YOUR GOAL. Repeat the data verbatim, images excluded.

══ DATA PROVIDED

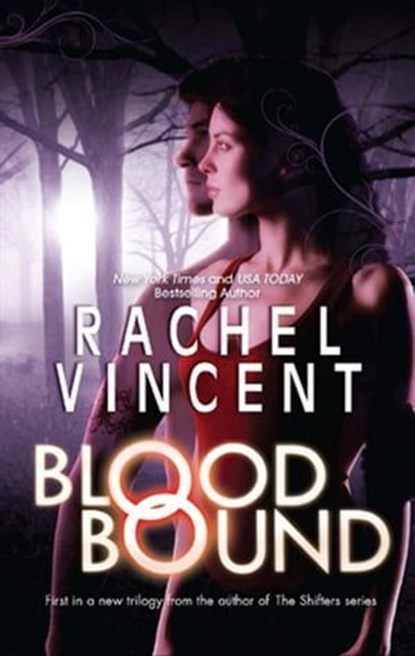 Blood Bound, Rachel Vincent - Ebook - 9781459211773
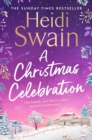 A Christmas Celebration : the cosiest, most joyful novel you'll read this Christmas - Book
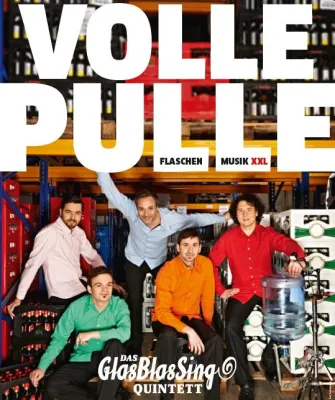 Bild: Das GlasBlasSing Quintett geht mit dem neuen Programm "Volle Pulle - Flaschenmusik XXL" auf Tour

════

REPLY.
 Blood Bound, Rachel Vincent - Ebook - 9781459211773
 A Christmas Celebration : the cosiest, most joyful novel you'll read this Christmas - Book
 Bild: Das GlasBlasSing Quintett geht mit dem neuen Programm "Volle Pulle - Flaschenmusik XXL" auf Tour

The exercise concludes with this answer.